▸ **Excerpted data**:
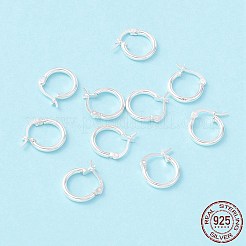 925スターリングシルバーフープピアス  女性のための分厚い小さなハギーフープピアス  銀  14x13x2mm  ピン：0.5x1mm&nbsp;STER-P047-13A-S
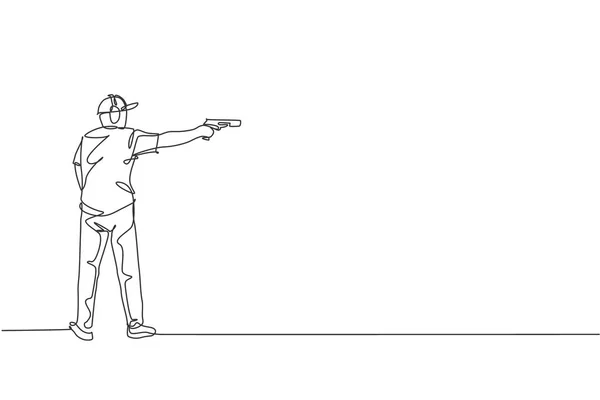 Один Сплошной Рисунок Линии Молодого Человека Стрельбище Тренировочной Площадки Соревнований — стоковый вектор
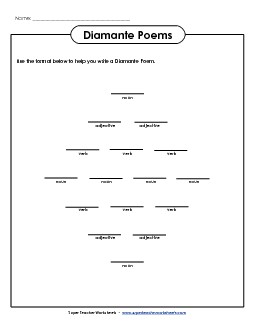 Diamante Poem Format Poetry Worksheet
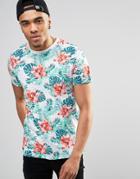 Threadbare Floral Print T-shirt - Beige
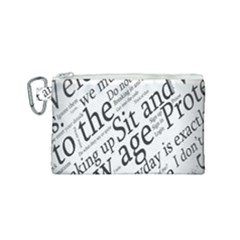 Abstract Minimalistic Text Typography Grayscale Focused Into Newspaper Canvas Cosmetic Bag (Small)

▸ **What is needed**:
Skipping every picture, reproduce the records word for word.

▸ **Result for this task**:
 925スターリングシルバーフープピアス  女性のための分厚い小さなハギーフープピアス  銀  14x13x2mm  ピン：0.5x1mm&nbsp;STER-P047-13A-S
 Один Сплошной Рисунок Линии Молодого Человека Стрельбище Тренировочной Площадки Соревнований — стоковый вектор
 Diamante Poem Format Poetry Worksheet
 Threadbare Floral Print T-shirt - Beige
 Abstract Minimalistic Text Typography Grayscale Focused Into Newspaper Canvas Cosmetic Bag (Small)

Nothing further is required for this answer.